Before you write out the listing, remove the pictures; everything else stays exactly as it is.
(DATA BLOCK Opens)
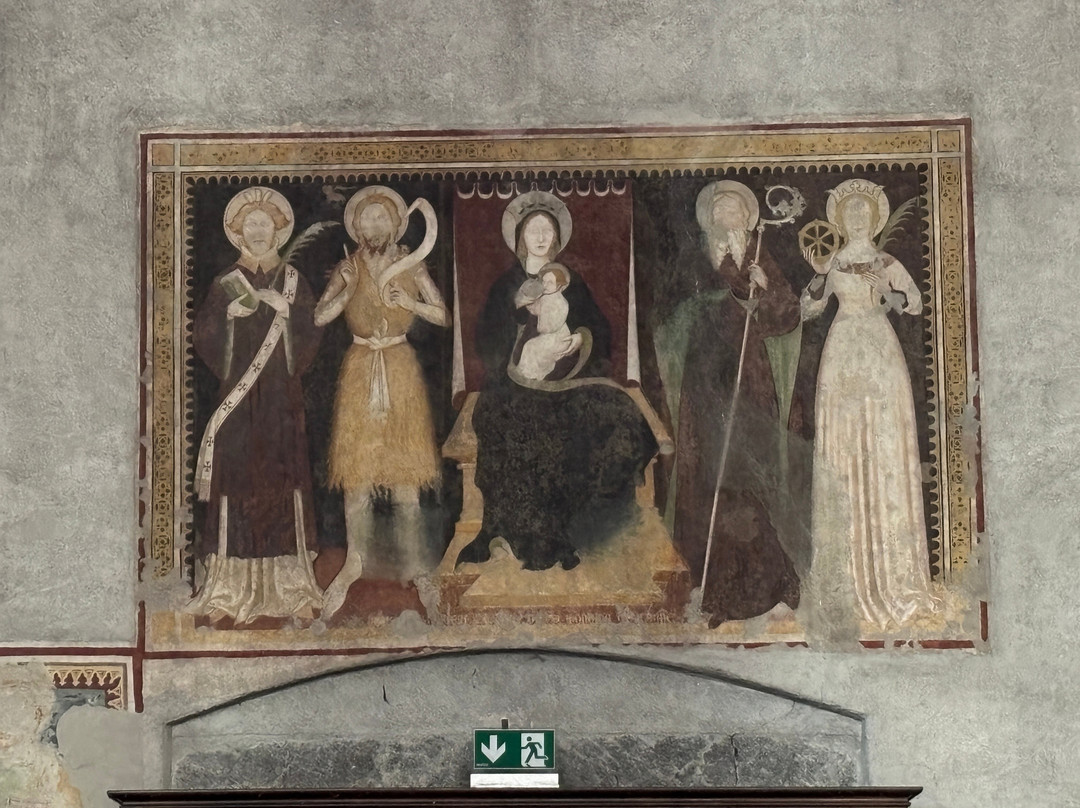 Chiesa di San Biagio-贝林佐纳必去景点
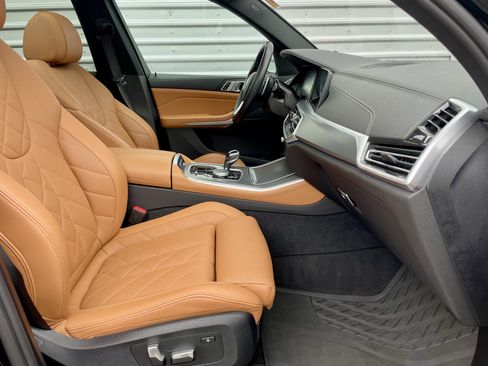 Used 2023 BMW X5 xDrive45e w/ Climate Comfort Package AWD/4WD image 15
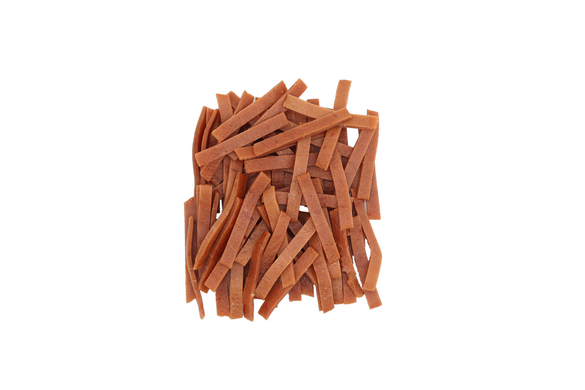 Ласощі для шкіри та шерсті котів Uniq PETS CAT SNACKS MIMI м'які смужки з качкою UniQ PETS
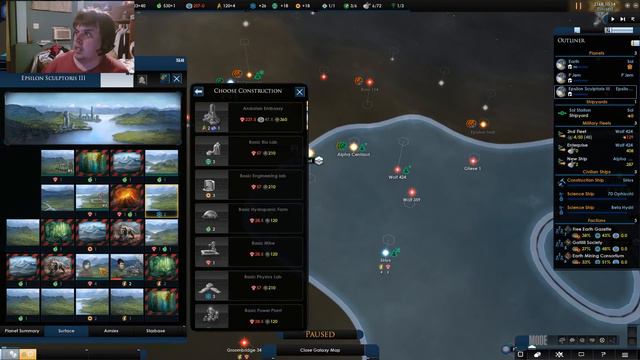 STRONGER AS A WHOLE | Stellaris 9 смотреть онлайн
(DATA BLOCK Closes)
### EXPECTED ANSWER
 Chiesa di San Biagio-贝林佐纳必去景点
 Used 2023 BMW X5 xDrive45e w/ Climate Comfort Package AWD/4WD image 15
 Ласощі для шкіри та шерсті котів Uniq PETS CAT SNACKS MIMI м'які смужки з качкою UniQ PETS
 STRONGER AS A WHOLE | Stellaris 9 смотреть онлайн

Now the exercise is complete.